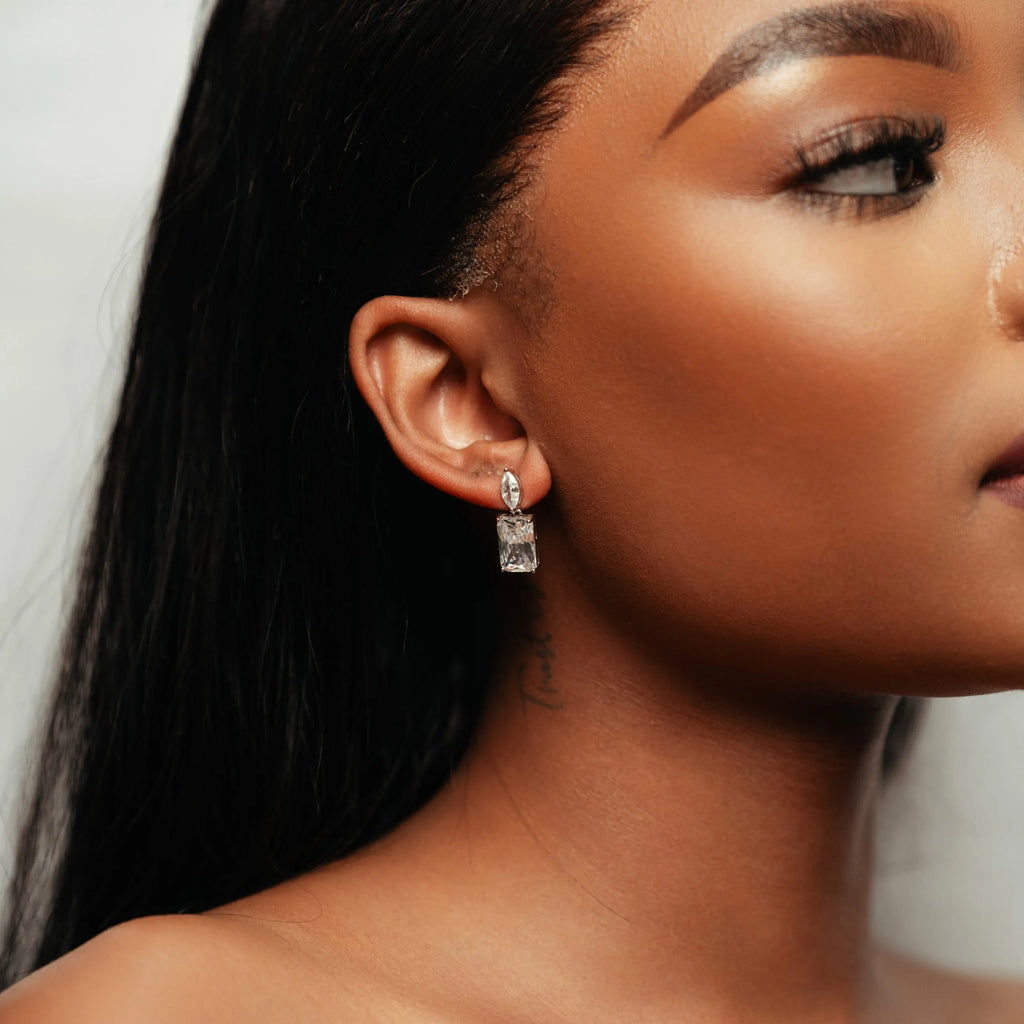 Alizia Crystal Drop Drop Earrings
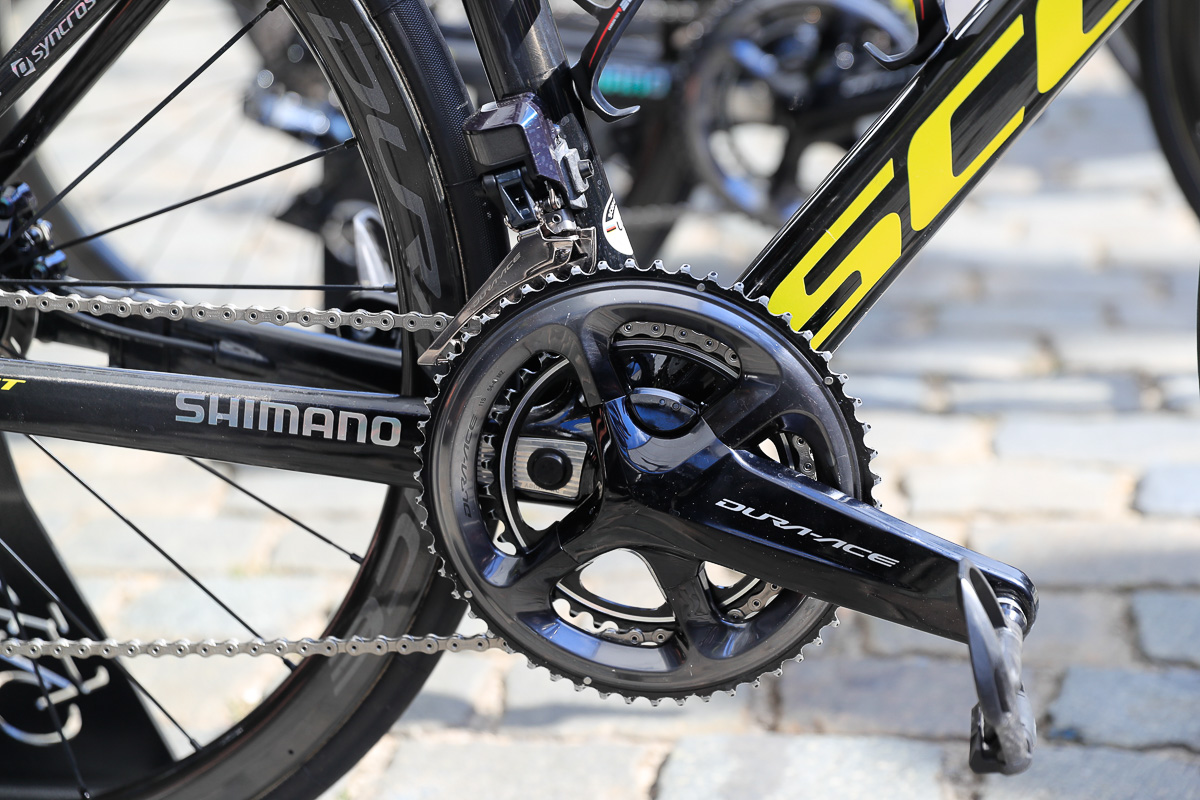 プロトンの中で最もシェア率が高いシマノDURA-ACE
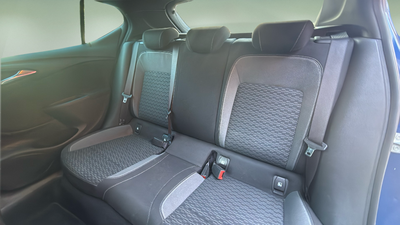 Opel Astra 1.2 Turbo SHL GS Line 81 kW (110 CV) 8 Opel Astra 1.2 Turbo SHL GS Line 81 kW (110 CV) 8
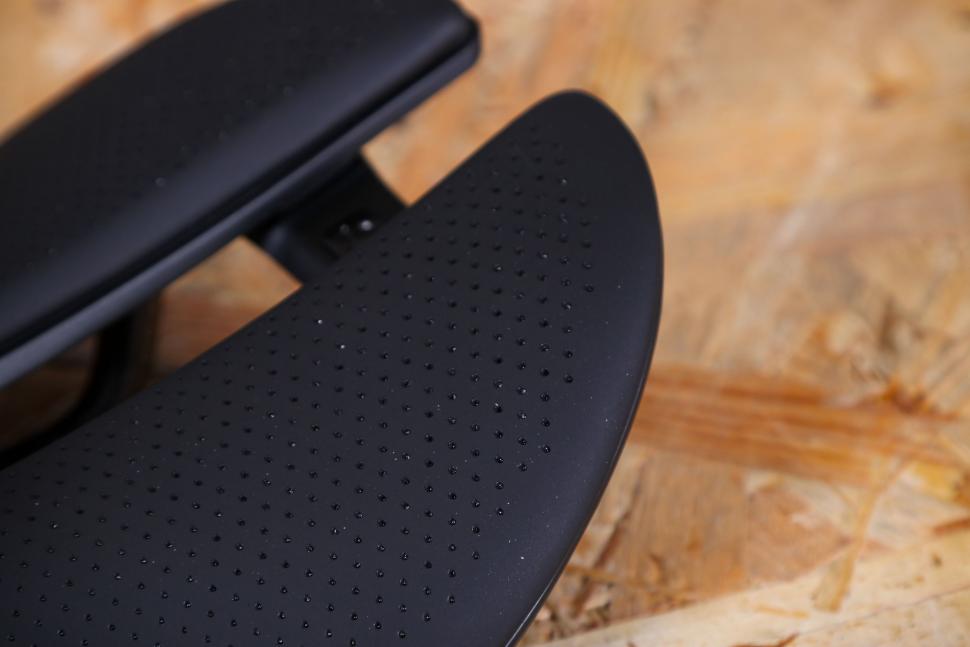 2023 Bontrager Aeolus Pro Bike Saddle - surface detail.jpg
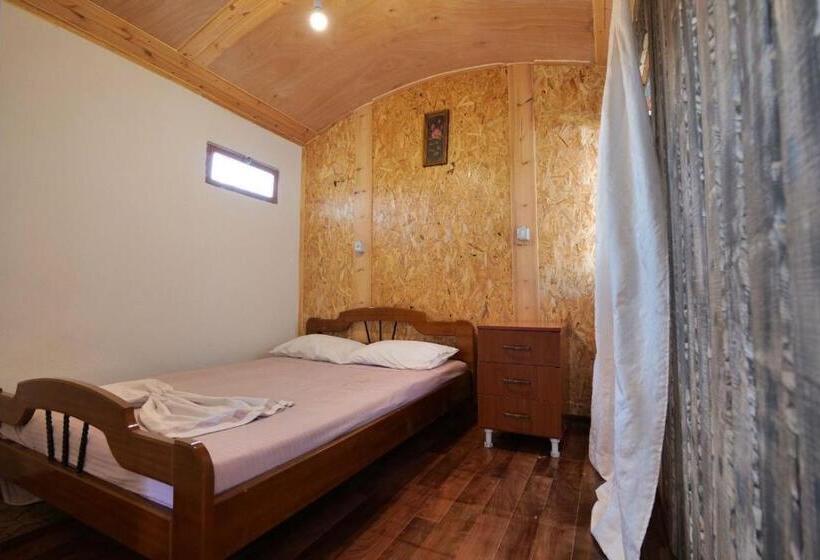 بانگلوی استاندارد, Tropikal Freskia Bunec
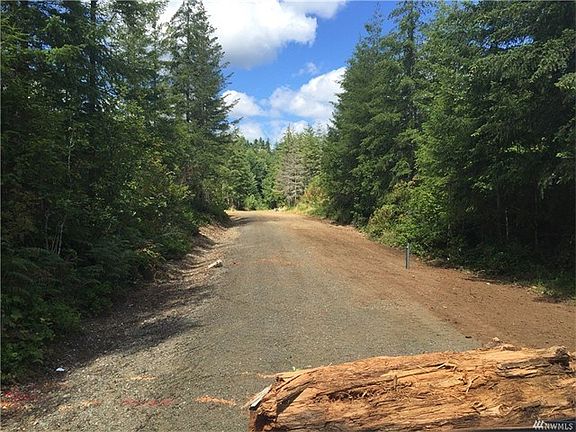 Main entrance to property Lot1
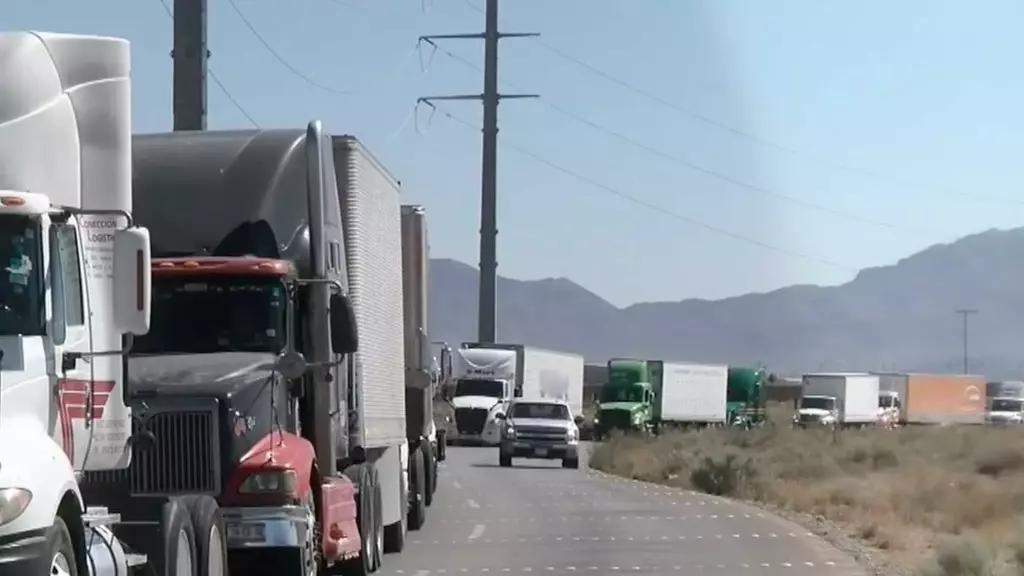 Reportan Fila de Más de 20 Kilómetros en el Puente Internacional Santa Teresa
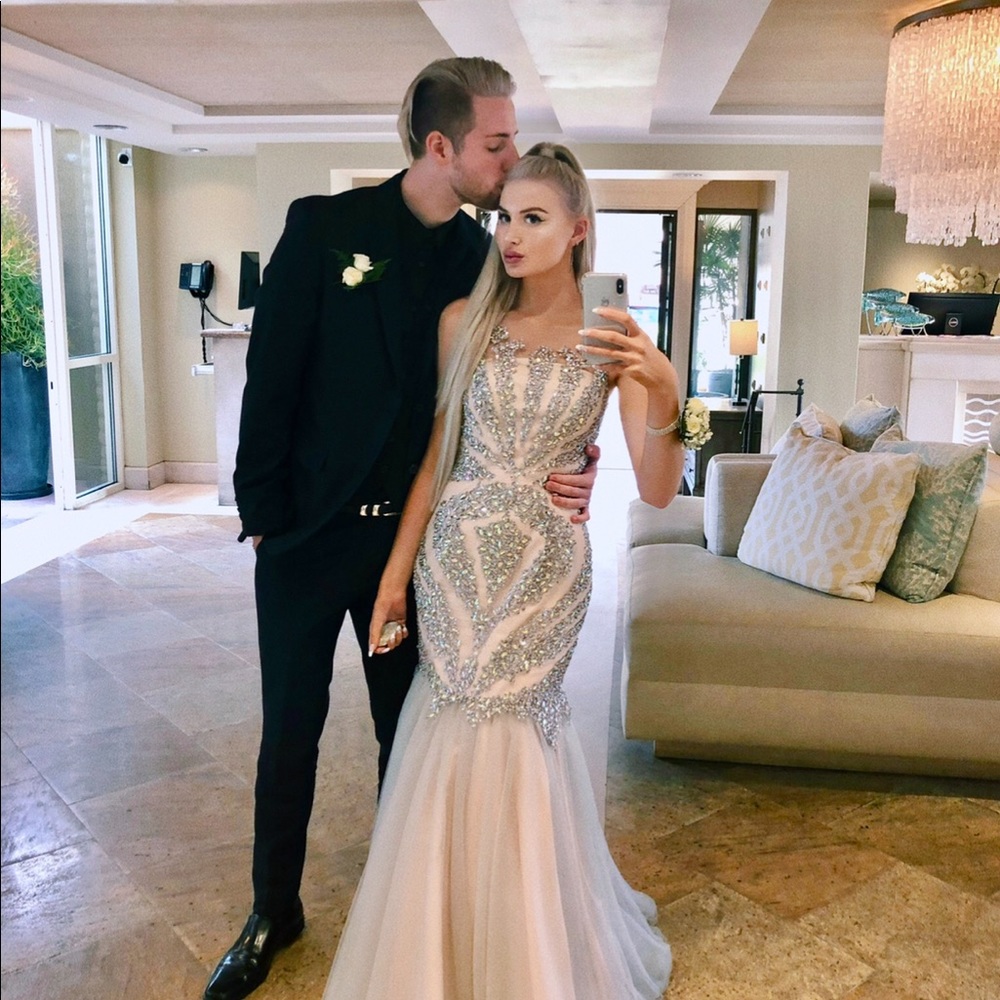TERANI COUTURE PROM DRESS - Picture 3 of 5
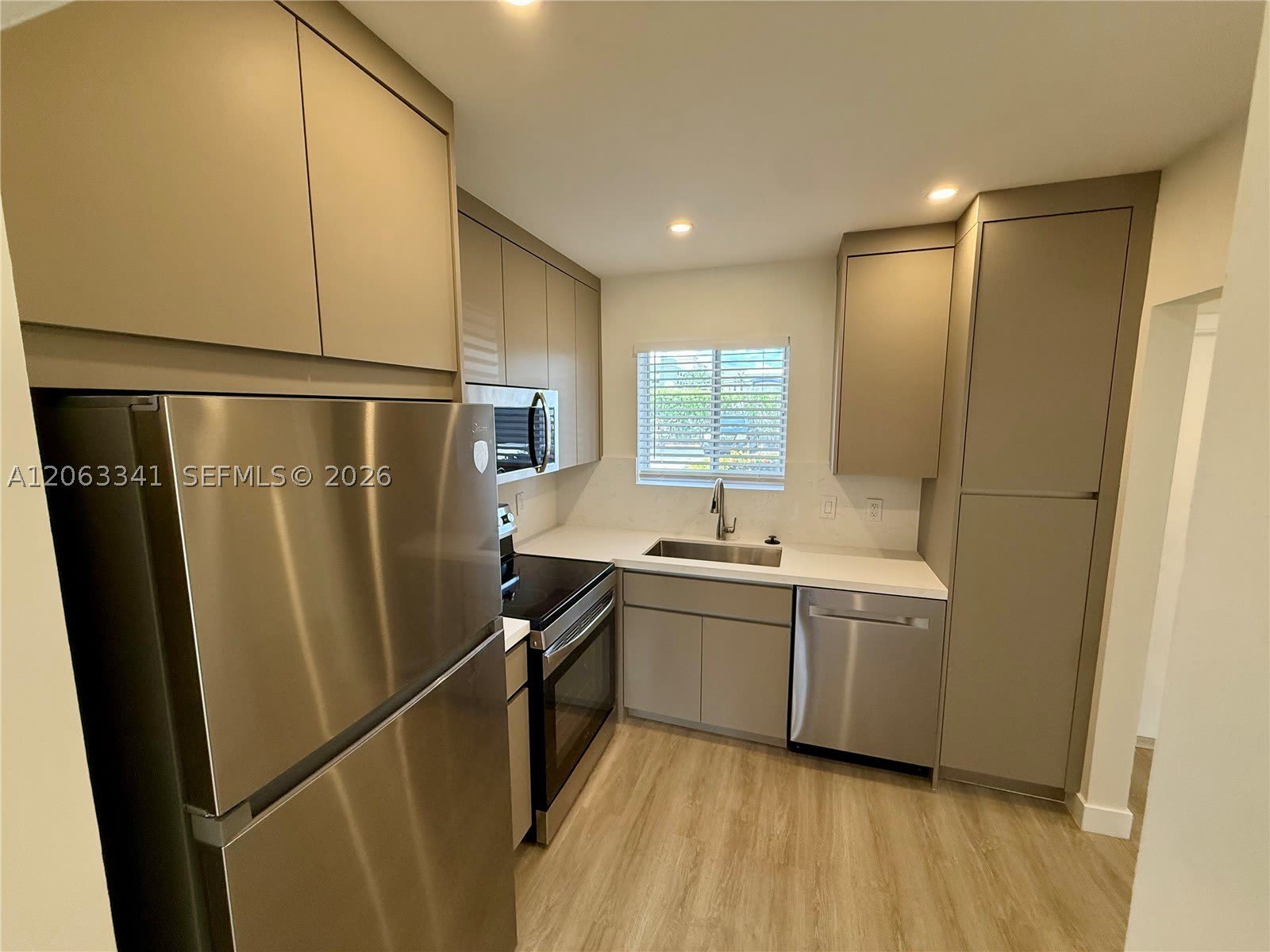 400 Waterway Dr S – photo 5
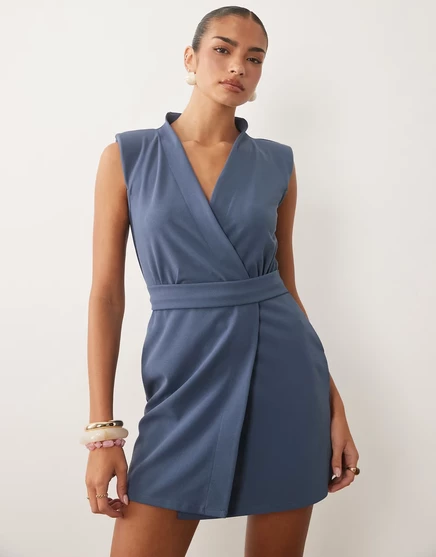 Женское мини-платье ASOS Design на запах с поясом, синее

++++++

> Your objective
Copy exactly, leaving out pictures, the lines from the line containing "Reportan Fila de" through the last line of the records.

> Answer to the problem
 Reportan Fila de Más de 20 Kilómetros en el Puente Internacional Santa Teresa
TERANI COUTURE PROM DRESS - Picture 3 of 5
 400 Waterway Dr S – photo 5
 Женское мини-платье ASOS Design на запах с поясом, синее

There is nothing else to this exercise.